▸ What the exercise asks
Every line below from the one with "Robusta Temanggung" through the one with "2021全国十大考古新发现（2019全国十大考古新发现在京揭晓）" is to be repeated exactly, with no picture among them.

▸ Data for this exercise
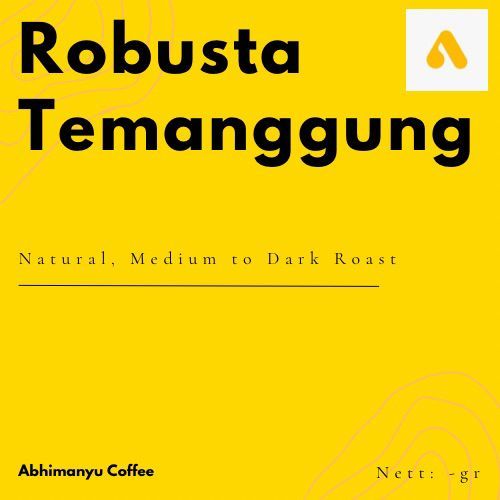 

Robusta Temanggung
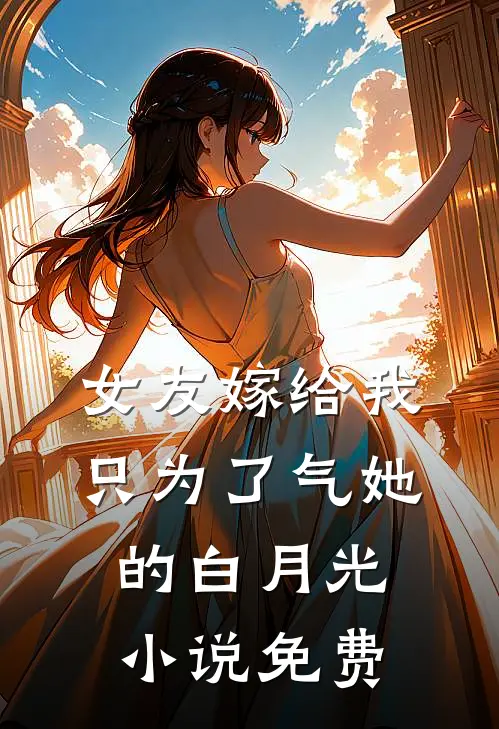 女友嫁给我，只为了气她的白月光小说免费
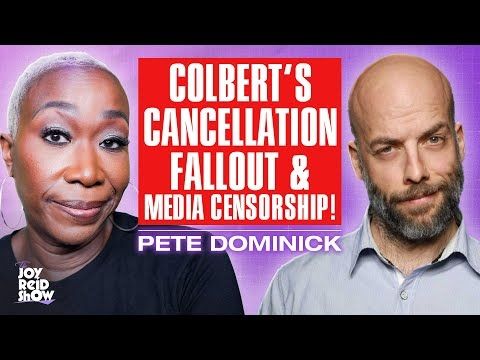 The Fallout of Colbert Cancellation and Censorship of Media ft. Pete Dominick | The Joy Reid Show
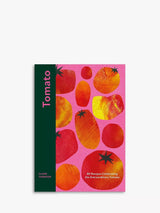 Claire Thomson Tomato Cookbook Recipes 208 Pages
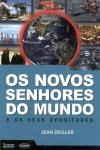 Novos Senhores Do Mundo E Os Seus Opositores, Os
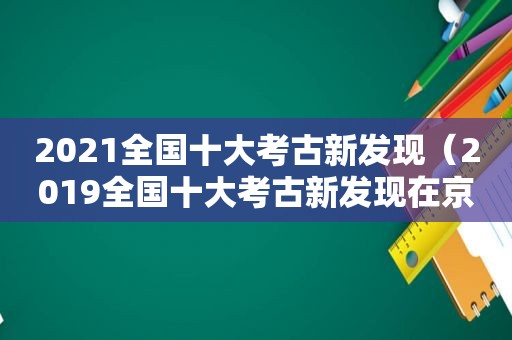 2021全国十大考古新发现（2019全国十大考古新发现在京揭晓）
---
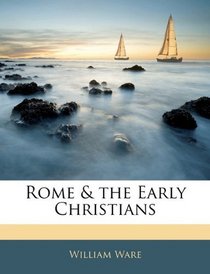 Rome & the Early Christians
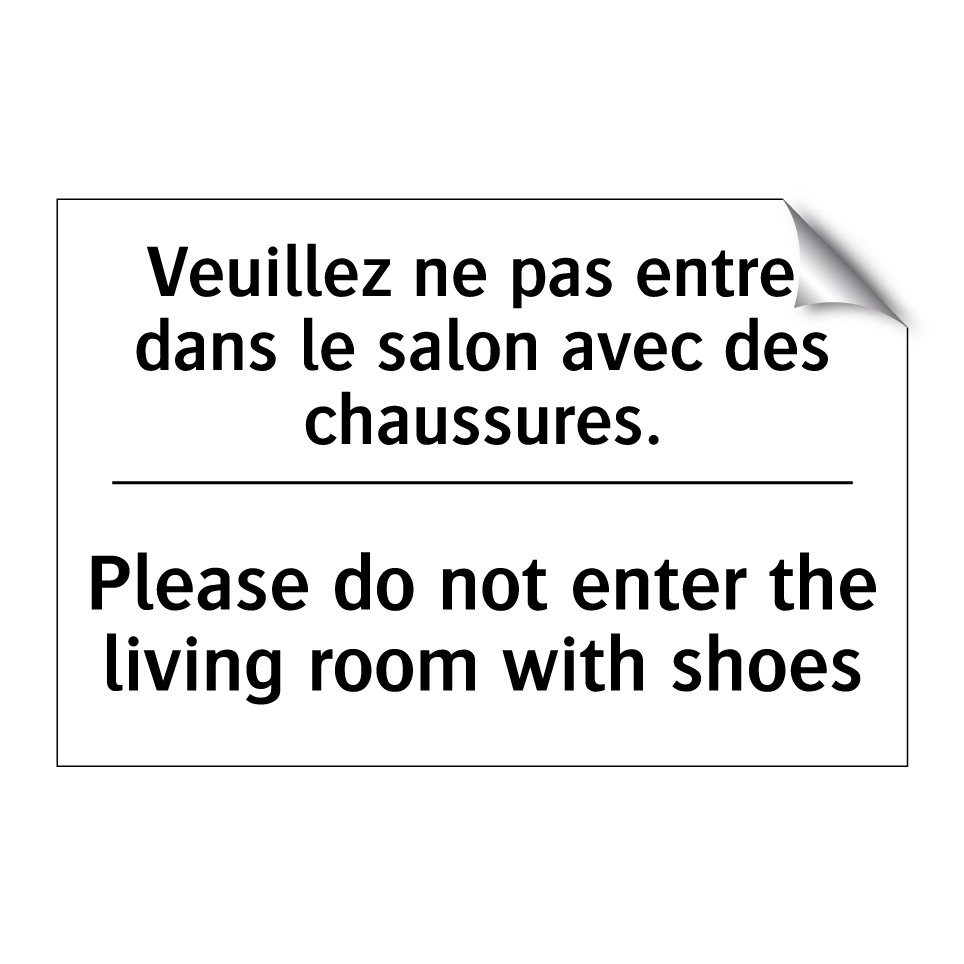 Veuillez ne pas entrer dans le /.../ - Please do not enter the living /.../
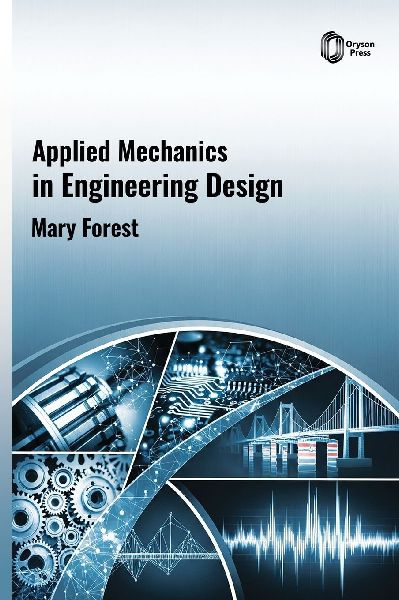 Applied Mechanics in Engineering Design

▸ Solved exercise
Robusta Temanggung
 女友嫁给我，只为了气她的白月光小说免费
 The Fallout of Colbert Cancellation and Censorship of Media ft. Pete Dominick | The Joy Reid Show
 Claire Thomson Tomato Cookbook Recipes 208 Pages
 Novos Senhores Do Mundo E Os Seus Opositores, Os
 2021全国十大考古新发现（2019全国十大考古新发现在京揭晓）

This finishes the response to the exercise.